_YOUR ASSIGNMENT_
Repeat every entry exactly as given.

Data entries:
-- Opening Marker --

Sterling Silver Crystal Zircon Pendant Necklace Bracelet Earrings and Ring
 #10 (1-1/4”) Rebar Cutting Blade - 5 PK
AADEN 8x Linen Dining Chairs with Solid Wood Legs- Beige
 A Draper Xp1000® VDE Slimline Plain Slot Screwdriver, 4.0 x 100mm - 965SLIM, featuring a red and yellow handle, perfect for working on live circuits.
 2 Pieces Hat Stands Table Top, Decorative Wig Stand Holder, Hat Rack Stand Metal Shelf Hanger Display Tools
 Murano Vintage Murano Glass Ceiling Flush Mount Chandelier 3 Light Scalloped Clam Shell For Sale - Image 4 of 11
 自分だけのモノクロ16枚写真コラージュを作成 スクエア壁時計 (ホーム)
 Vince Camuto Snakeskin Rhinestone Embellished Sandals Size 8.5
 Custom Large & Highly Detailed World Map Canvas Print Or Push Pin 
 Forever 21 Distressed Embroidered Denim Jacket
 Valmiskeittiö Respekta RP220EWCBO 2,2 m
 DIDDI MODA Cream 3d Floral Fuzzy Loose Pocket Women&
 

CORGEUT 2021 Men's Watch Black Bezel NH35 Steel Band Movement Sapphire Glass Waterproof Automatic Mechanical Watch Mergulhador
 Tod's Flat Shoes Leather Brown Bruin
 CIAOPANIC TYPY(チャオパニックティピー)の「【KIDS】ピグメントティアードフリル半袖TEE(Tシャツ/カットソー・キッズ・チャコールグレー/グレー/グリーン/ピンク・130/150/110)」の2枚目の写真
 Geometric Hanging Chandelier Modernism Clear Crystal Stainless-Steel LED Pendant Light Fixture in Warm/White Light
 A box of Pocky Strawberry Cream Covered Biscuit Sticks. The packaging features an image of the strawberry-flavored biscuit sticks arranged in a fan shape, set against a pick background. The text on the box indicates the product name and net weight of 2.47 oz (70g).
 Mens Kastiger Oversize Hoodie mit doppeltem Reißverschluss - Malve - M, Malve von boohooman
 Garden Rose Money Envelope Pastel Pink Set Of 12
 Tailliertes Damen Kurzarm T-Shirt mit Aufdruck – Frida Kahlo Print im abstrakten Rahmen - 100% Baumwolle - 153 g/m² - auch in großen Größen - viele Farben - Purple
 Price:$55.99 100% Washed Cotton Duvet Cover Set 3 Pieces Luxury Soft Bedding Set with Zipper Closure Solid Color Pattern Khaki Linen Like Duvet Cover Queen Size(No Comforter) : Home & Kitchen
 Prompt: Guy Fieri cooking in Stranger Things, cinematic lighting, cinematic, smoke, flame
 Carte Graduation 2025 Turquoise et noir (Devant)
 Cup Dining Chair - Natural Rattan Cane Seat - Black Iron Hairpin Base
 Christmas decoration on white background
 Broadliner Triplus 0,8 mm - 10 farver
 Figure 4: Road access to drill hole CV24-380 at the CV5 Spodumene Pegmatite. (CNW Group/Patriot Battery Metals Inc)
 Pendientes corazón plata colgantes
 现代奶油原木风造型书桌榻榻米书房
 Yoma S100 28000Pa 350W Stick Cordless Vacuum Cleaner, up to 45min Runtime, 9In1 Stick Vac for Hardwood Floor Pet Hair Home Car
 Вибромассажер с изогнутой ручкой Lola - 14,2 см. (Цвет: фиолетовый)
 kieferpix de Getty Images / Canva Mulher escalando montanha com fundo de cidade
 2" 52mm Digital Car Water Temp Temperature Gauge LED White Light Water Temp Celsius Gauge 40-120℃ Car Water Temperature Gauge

-- Closing Marker --

_RESULT OF THIS TASK_
Sterling Silver Crystal Zircon Pendant Necklace Bracelet Earrings and Ring
 #10 (1-1/4”) Rebar Cutting Blade - 5 PK
AADEN 8x Linen Dining Chairs with Solid Wood Legs- Beige
 A Draper Xp1000® VDE Slimline Plain Slot Screwdriver, 4.0 x 100mm - 965SLIM, featuring a red and yellow handle, perfect for working on live circuits.
 2 Pieces Hat Stands Table Top, Decorative Wig Stand Holder, Hat Rack Stand Metal Shelf Hanger Display Tools
 Murano Vintage Murano Glass Ceiling Flush Mount Chandelier 3 Light Scalloped Clam Shell For Sale - Image 4 of 11
 自分だけのモノクロ16枚写真コラージュを作成 スクエア壁時計 (ホーム)
 Vince Camuto Snakeskin Rhinestone Embellished Sandals Size 8.5
 Custom Large & Highly Detailed World Map Canvas Print Or Push Pin 
 Forever 21 Distressed Embroidered Denim Jacket
 Valmiskeittiö Respekta RP220EWCBO 2,2 m
 DIDDI MODA Cream 3d Floral Fuzzy Loose Pocket Women&
 

CORGEUT 2021 Men's Watch Black Bezel NH35 Steel Band Movement Sapphire Glass Waterproof Automatic Mechanical Watch Mergulhador
 Tod's Flat Shoes Leather Brown Bruin
 CIAOPANIC TYPY(チャオパニックティピー)の「【KIDS】ピグメントティアードフリル半袖TEE(Tシャツ/カットソー・キッズ・チャコールグレー/グレー/グリーン/ピンク・130/150/110)」の2枚目の写真
 Geometric Hanging Chandelier Modernism Clear Crystal Stainless-Steel LED Pendant Light Fixture in Warm/White Light
 A box of Pocky Strawberry Cream Covered Biscuit Sticks. The packaging features an image of the strawberry-flavored biscuit sticks arranged in a fan shape, set against a pick background. The text on the box indicates the product name and net weight of 2.47 oz (70g).
 Mens Kastiger Oversize Hoodie mit doppeltem Reißverschluss - Malve - M, Malve von boohooman
 Garden Rose Money Envelope Pastel Pink Set Of 12
 Tailliertes Damen Kurzarm T-Shirt mit Aufdruck – Frida Kahlo Print im abstrakten Rahmen - 100% Baumwolle - 153 g/m² - auch in großen Größen - viele Farben - Purple
 Price:$55.99 100% Washed Cotton Duvet Cover Set 3 Pieces Luxury Soft Bedding Set with Zipper Closure Solid Color Pattern Khaki Linen Like Duvet Cover Queen Size(No Comforter) : Home & Kitchen
 Prompt: Guy Fieri cooking in Stranger Things, cinematic lighting, cinematic, smoke, flame
 Carte Graduation 2025 Turquoise et noir (Devant)
 Cup Dining Chair - Natural Rattan Cane Seat - Black Iron Hairpin Base
 Christmas decoration on white background
 Broadliner Triplus 0,8 mm - 10 farver
 Figure 4: Road access to drill hole CV24-380 at the CV5 Spodumene Pegmatite. (CNW Group/Patriot Battery Metals Inc)
 Pendientes corazón plata colgantes
 现代奶油原木风造型书桌榻榻米书房
 Yoma S100 28000Pa 350W Stick Cordless Vacuum Cleaner, up to 45min Runtime, 9In1 Stick Vac for Hardwood Floor Pet Hair Home Car
 Вибромассажер с изогнутой ручкой Lola - 14,2 см. (Цвет: фиолетовый)
 kieferpix de Getty Images / Canva Mulher escalando montanha com fundo de cidade
 2" 52mm Digital Car Water Temp Temperature Gauge LED White Light Water Temp Celsius Gauge 40-120℃ Car Water Temperature Gauge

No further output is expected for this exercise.